Lightyear is an action-packed and visually stunning experience that puts less of a premium on Pixar’s legendary heartfelt comedy. Still, this is a future franchise that’s light-years in the making.
This review of the Disney Pixar film Lightyear does not contain spoilers.
The new Disney Pixar film, Lightyear, is a very clever premise. The Lightyear movie was Andy’s favorite film growing up, which is why he was given the toy we all fell in love with. So, this is not a prequel of sorts. It explores the origin of one of the most beloved animated characters in Hollywood history. The film was even more innovative because Pixar created a virtual IMAX camera for this film. And the result is visually impressive that is worth every penny, never more evident than during the stunning finale. However, the storytelling is more generic than one would expect. It doesn’t exactly go to infinity and beyond, but more like to the same galaxy we have seen countless times before.
This version of Buzz Lightyear is voiced by Chris Evans, the main character in yes, Lightyear.
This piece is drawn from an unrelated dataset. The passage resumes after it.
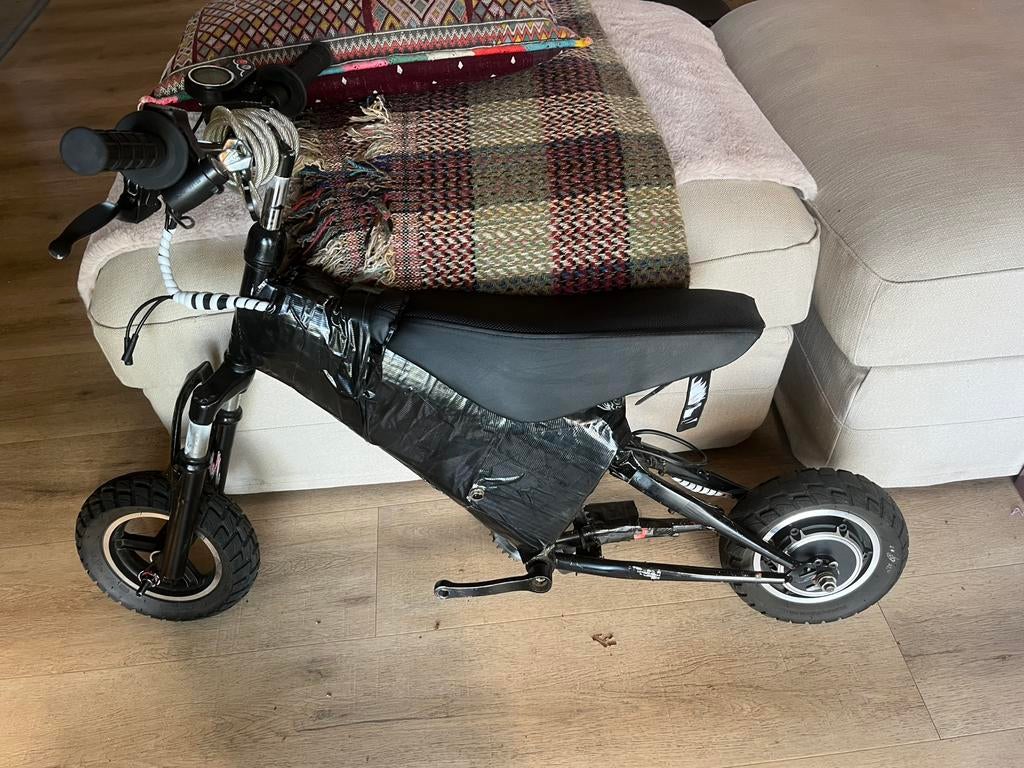 Mini surron MET REM!!! Gaat 68kmph, Ophalen of Verzenden, Zo goed als nieuw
The smash-hit film that Tim Allen’s toy Buzz Lightyear was based on. Confused? It doesn’t matter because Pixar threw Tim Allen untethered into space as Alfonso Cuarón did to George Clooney in Gravity. They grabbed a big name, and who better to embody Pixar’s most heroic, noble, and ambitious character than Captain America? Yes, Allen is not the star he once was, but his voice work in these Pixar films is iconic.
It’s jarring at first. Evans’s voice doesn’t have the timber that Allen brought to Buzz. To be fair, the concept has designs to be different. Here, Buzz and Alisha (Uzo Aduba) are on an intergalactic adventure transporting a colony to a new location. The space rangers take their intergalactic adventure 4.2 million light-years away from Earth. Unfortunately, they land on a hostile planet with the angry vines, probably from Stranger Things. When they try to leave without being swallowed into the ground, Buzz experiences his first professional setback by crashing it.
They are marooned and set up in a colony. A year later, Buzz is ready to test flight a ship through hyperspace so he can find help and be able to rescue the crew to complete the mission. Except, he needs to reach that level at 100%. He fails every time, and when he returns, every time he fails, he returns multiple years pass him by. He is also given an adorable robot cat named Sox (Peter Sohn), his new “Alexa.”
Eventually, he returns to the planet, and an alien named Zurg (James Brolin) attacks the colony holding on for dear life by a protective shield. Buzz is locked out but is saved by three training space cadets, including the eager Izzy (Keke Palmer), ultra-anxious Mo (Taika Waititi), and a senior citizen with a talent for committing felonies, Darby (Dale Soules). Together, they team up to save the colony and develop technology to get home.
Directed by Agnus MacLane (Finding Dory), who co-wrote the script with Jason Headley (Onward), the film abandons much of the heartfelt storytelling the studio is known for with action-packed fare. This is a shame since the device of when Buzz keeps losing years was supposed to evoke themes of how time is fleeting. While Buzz’s friends and colleagues are living their lives, he is missing out. The other story concept of a lovable group of underachievers helping Buzz save the planet while teaching an excellent message to younger fans has been done so often in animated films that it has become cliche. While handled expertly, nothing new is brought to the writing table here.
Lightyear is undoubtedly a setup for future installments and has a lot in common with the first Toy Story. I’m in the minority. While liking that film, the studio put a premium on establishing characters to sell toys, and it was not until the last fifteen or twenty minutes that the creative team found that film franchise’s voice. Here, the same concept is applied, putting a premium on character development, including the scene-stealing Sox, which I am positive will be a huge hit for kids this coming holiday season.
There is so much promise developed here that will surely be a setup for a future franchise and subsequent installments. Lightyear is a fun diversion for the family, and the film takes off with a thrilling, visually stunning finale. Now, if they can only solve the gaping-sized plothole of why Andy never was given a Sox toy to play with in the first Toy Story, we can all sleep better. Maybe they will wrap up that little mystery in Toy Story 5 or Lightyear 2.